The Intel Data Center GPU, code-named Ponte Vecchio, was built to address compute density across high-performance computing (HPC) and AI supercomputing workloads. According to Intel, it fully utilises Intel’s open software model, using OneAPI to simplify API abstractions and cross-architecture programming. Ponte Vecchio is made up of several complex designs that manifest in tiles, linked together by a combination of embedded multi-die interconnect bridge (EMIB) and Foveros advanced packaging technologies. Intel said the high-speed MDFI interconnect enables the package to scale up to two stacks, allowing a single package to contain over 10 billion transistors.
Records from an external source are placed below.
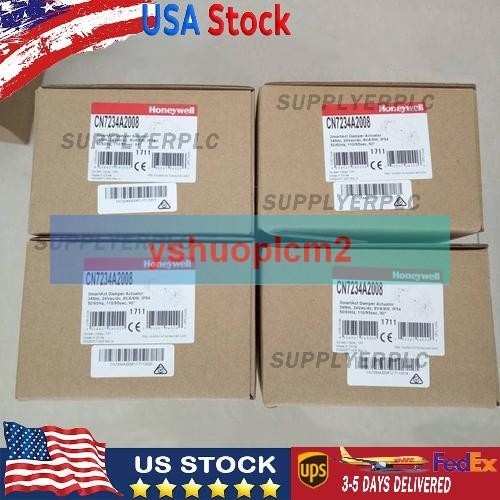 1PC Honeywell CN7234A2008 Damper Actuator CN7234A 2008 New Fast Shipping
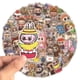 thumbnail image 3 of Labubus Original Labubu Caja 60Pieces Graffit Stickers To Decorate Laptop Luggage Stickers As Shown, 3 of 7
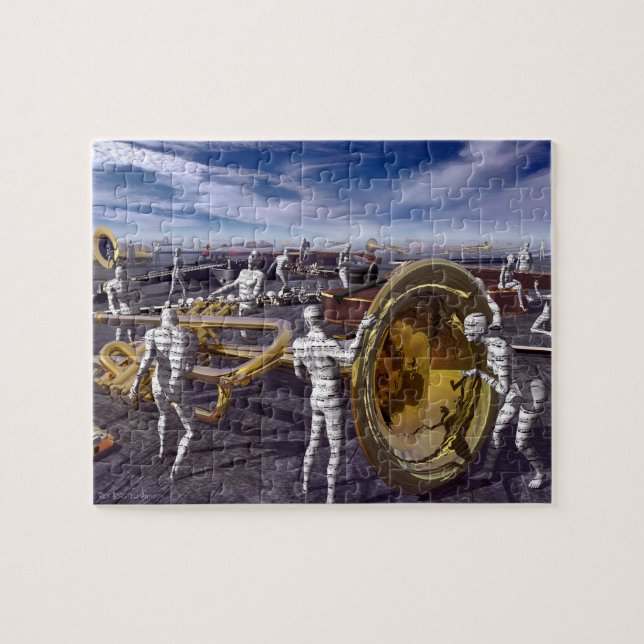 Songs Waiting To Be Played puzzle (Horizontal)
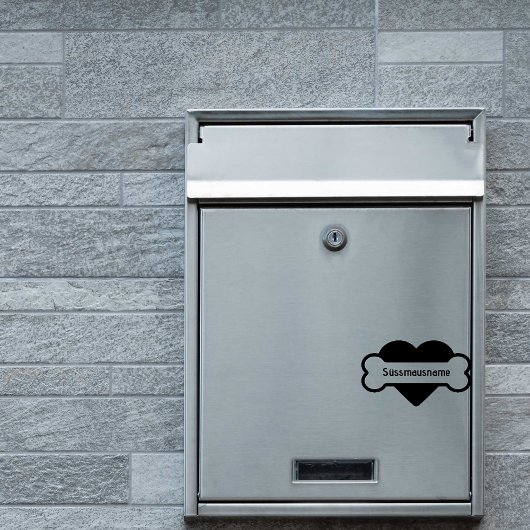 Mailbox Sticker Huisdieren LSF1V3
According to Intel, the Xeon D-2700 and 1700 series are designed to address edge use cases for 5G, IoT, enterprise, and cloud applications, with particular consideration to the power and space constraints typical in many real-world implementations. Intel stated that it features cutting-edge compute cores, 100G Ethernet with flexible packet processor, inline crypto acceleration, time coordinated computing (TCC), time-sensitive networking (TSN), and built-in optimisation for AI processes.
Meanwhile, Intel said the FPGA technology remains a powerful and flexible tool for hardware acceleration, with particular promise for radio frequency (RF) applications. Intel has discovered new efficiencies by combining digital and analogue chiplets and chiplets from different process nodes and foundries, reducing development time and maximising flexibility for developers.